<238>Dans le Brandebourg et dans la plupart des provinces de l'Allemagne, le peuple portait impatiemment le joug du clergé romain : c'était une religion trop onéreuse pour des pays aussi peu opulents; le purgatoire, la messe des morts et des vivants, le jubilé, les annates, les indulgences, les péchés véniels et mortels, les pénitences changées en amendes pécuniaires, les affaires matrimoniales, les vœux, les offrandes, étaient autant d'impôts que le pape levait sur la crédulité, et qui lui donnaient des revenus aussi solides que le Mexique en fournit à l'Espagne. Ceux qui les payaient étaient épuisés et mécontents; il n'était donc pas même nécessaire d'employer l'évidence des arguments, pour disposer ces esprits à recevoir la réforme; ils criaient contre le clergé qui les opprimait; un homme vint, qui promit de les en délivrer, et ils le suivirent.

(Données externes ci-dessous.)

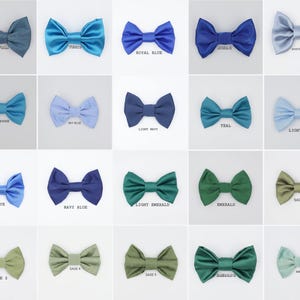 Ivory Wedding Dog Harness in Ivory White Silk Satin with Sailor Bow and Pearls Wedding Dog Outfit CHOICE COLOURS Made to Measure Bridesmaid image 4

Joachim II fut le premier électeur qui embrassa la religion luthérienne; sa mère, qui était une princesse de Danemark, lui communiqua ses sentiments, car la nouvelle doctrine avait pénétré en Danemark, avant que d'être reçue dans le Brandebourg. Le pays suivit l'exemple du prince, et tout le Brandebourg se fit protestant. Matthieu Jagow, évêque de Brandebourg, administra le sacrement sous les deux espèces dans le couvent des moines noirs; ce couvent devint ensuite la cathédrale de Berlin. Joachim II se distingua dans le parti, tant par les lettres de controverse qu'il écrivit au roi de Pologne, que par les discours éloquents, à ce que disent les auteurs,50 que ce prince prononça à la diète d'Augsbourg, en faveur des protestants.

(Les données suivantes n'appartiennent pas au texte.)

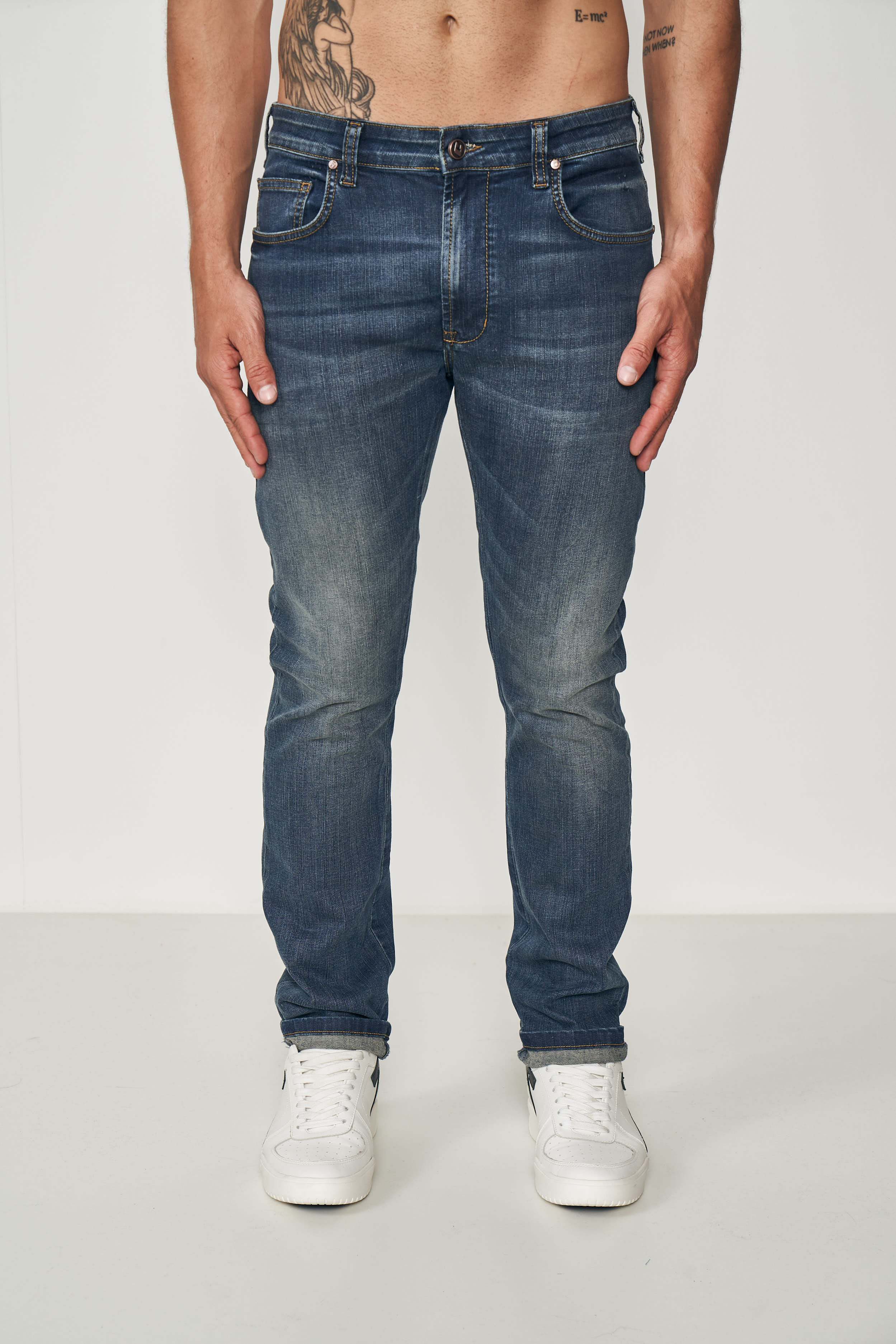 CALÇA JEANS AMSTERDAN 42 INDIGO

La réforme ne put point détruire toutes les erreurs; quoiqu'elle eût ouvert les yeux du peuple sur une infinité de superstitions, il s'en conserva encore beaucoup d'autres, tant la pente de l'esprit humain


50 Lockelius; Annales de Brandebourg. [Ces auteurs ne parlent pas de discours éloquents prononcés par Joachim II; mais Angelus fait mention des trois discours que l'électeur Joachim Ier prononça à la diète d'Augsbourg, en 1530.]